Norm Gregory, one of Smith's former KJR colleagues, said, "The first time I saw him was in 1967 and the last time was in 1995 and he was the same guy from that first day to the last. Emp was a wild and wacky radio personality, a great father, and a wonderful friend."
More on Smith can be had at the KJR Memories site.
posted by clark 12:26 PM
MAKING BOOK: The Northwest Bookfest was held again this year in the Stadium Exhibition Center, and again failed to fill even the front room of that vast space. (Curtaining off sections of the room is apparently not practicable or feasible, because the center's restrooms and concessions are situated along the side walls.)
The result: While attendance was apparently comparable to last year's event (which had more touring big-name authors), the room energy (and, perhaps, consequently the booth sales) just wasn't what it had been back when Bookfest took place in the cozy confines of Pier 48 (where, as I've oft mentioned, Alice Wheeler shot the cover of Loser at one of Nirvana's last shows). The pier, alas, is no longer available for public rental. The State Convention Center, whose more flexible floors hosted the 1999 Bookfest, is apparently not available at the right time of year to land a lot of big-time touring authors.
Last year, I proposed revamping Bookfest to fit the space. Since it's a space built for auto show-type events, I said Bookfest should become more like one of those--a World Of Words Literama, full of pomp and circumstance and balloons and gold lame jumpsuits.

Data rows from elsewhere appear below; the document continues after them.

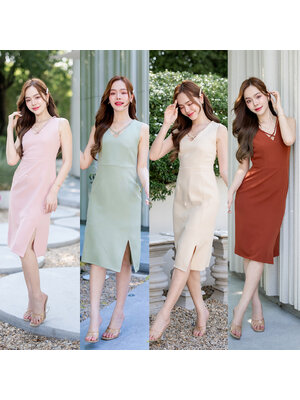 kudapy เดรสสั้นสีชมพู ครีม เขียวมัทฉะ ส้มอิฐ ช่วงเสื้อเป็นทรงคอวี แต่งด้วยสายเส้นสปาเกตตี้เส้นเล็กๆ จากบ่าลงมาไขว้ Cross กันที่ช่วงอก ต่อด้วยกระโปรงทรงตรงยาวคลุมเข่า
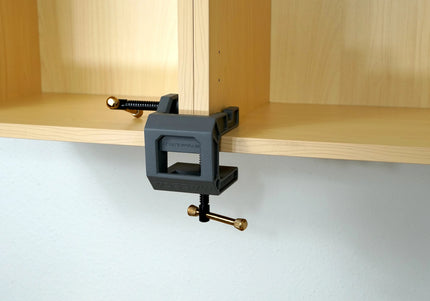 Massca Dual Action Case Clamp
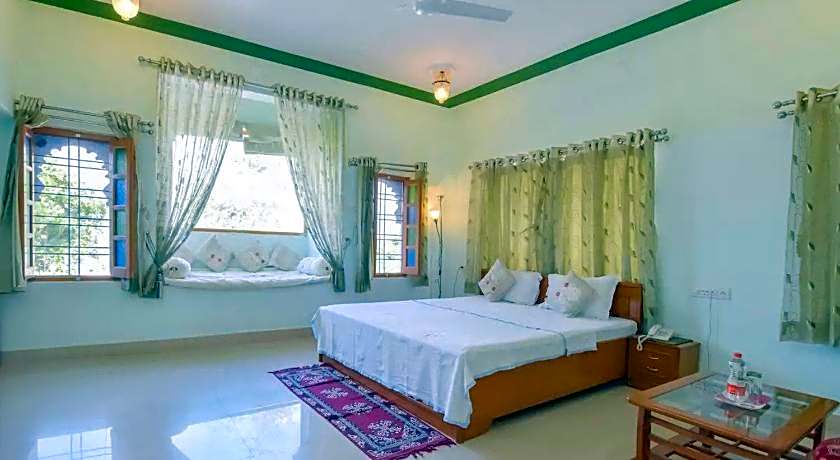 Devendragarh - A Boutique Lake Facing Guest House On Lake Fateh Sagar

The promoters did successfully attract a few new types of vendors (paper-ephemera dealers, f'rinstance), but still more could be sought out--home office supply stores, computer dealers, college writing programs, grey-sweater and tweed-jacket merchants, magazine publishers (Ed McMahon could even show up to give away some bucks!).

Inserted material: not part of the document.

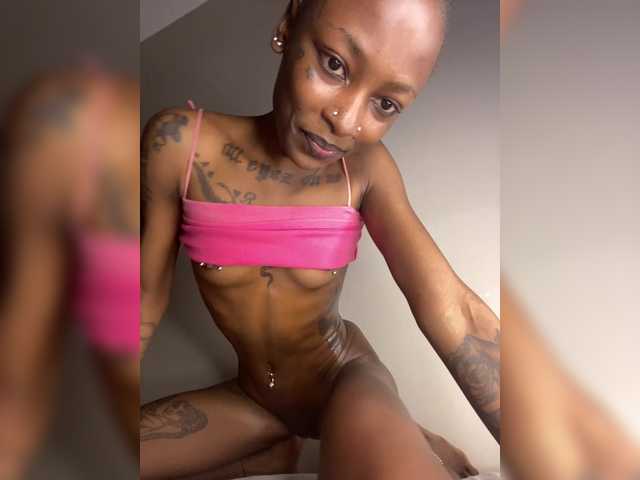 Badgalnish-1 live cam on BongaCams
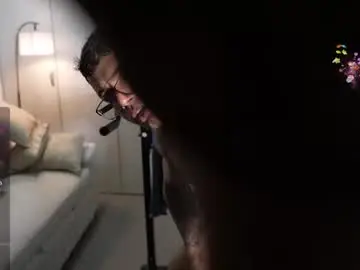 Chaturbate Live Sex Cam of paradise_boy_s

Other possibilities to fill more of the vast room, or otherwise make the thing more exciting: More word-game and puzzle competitions; after-hours no-kiddies-allowed readings from the "good parts" of highbrow novels; Appalachian-style storytelling fests; banks of computers where visitors could add-a-line to ongoing stories; bulletin boards (real, not computerized) where visitors could post index-card-borne answers to pollster-type questions (favorite literary character, first book ever read, etc.); classic poems displayed on big LED-readout walls; maybe even a literary-character costume contest.

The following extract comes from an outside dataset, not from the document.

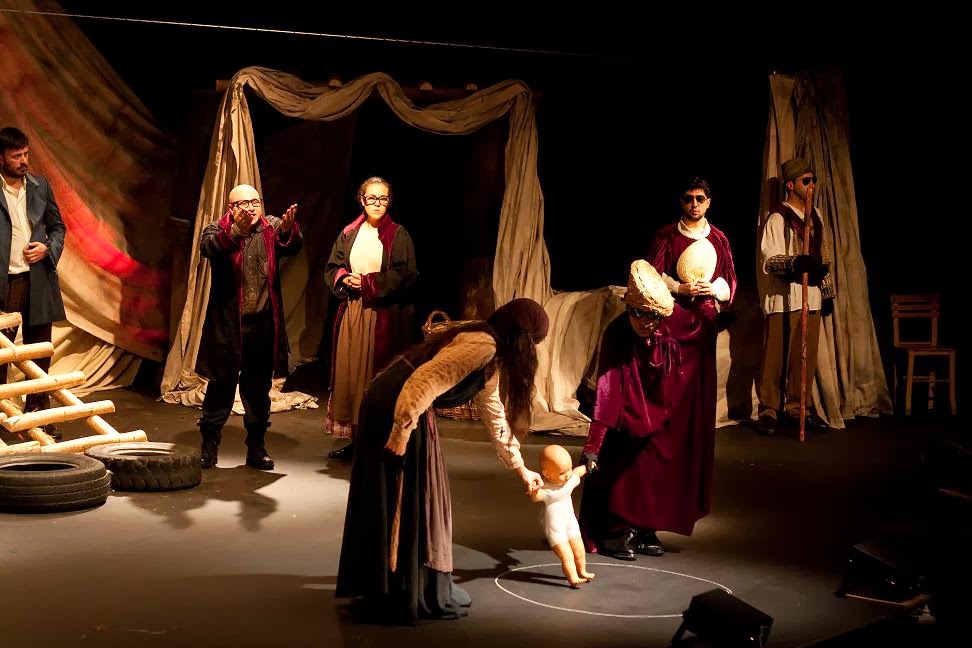 hayata dair her sey tarihte tiyatro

Yes, these suggestions go beyond Bookfest's laid-back-and-mellow dictum of good taste, and that's part of the point. Reading and (especially) writing are largely solitary pleasures. It's good to get readers and writers in one big place to share their joys and receive one another's support. And as a mid-October event, Bookfest marks the beginning of stay-inside season; thus it should be more festive and celebratory, the better to help its attendees stave off Seasonal Affective Disorder and remain cozy and happy thru the dreary months to come.
posted by clark 1:04 AM
Monday, October 22, 2001
REQUIEM FOR A DREAM: The Mariners’ Miracle Season sputtered to a halt in the American League Championship Series, when for the second consecutive year our boys were pummled by the still-OK-to-hate New York Yankees. Despite the unglorious end, it was still an amazing ride and a spectacular display of teamwork. It was, and is, one for the record books and a lifetime of memories. Now comes the off-season trading and maneuvering, with one crystal-clear goal: Somehow getting the AL pennant out of the Bronx for once.
posted by clark 9:13 PM
PRINT MAG UPDATE: Now that the fall print MISC is out, work begins immediately on the next one. It will be the first issue planned with national distribution in mind. We won't stop writing about Seattle, but our writings about Seattle will necessarily include more background material so the out-of-town readers can get into the narratives.
This will be the "Recession Is Good For You" issue, in which we shall discuss the (real) possibilities of forging a new, more people-friendly economy out of the smoldering remains of the one we have. Get your submissions in now. Speaking of economies...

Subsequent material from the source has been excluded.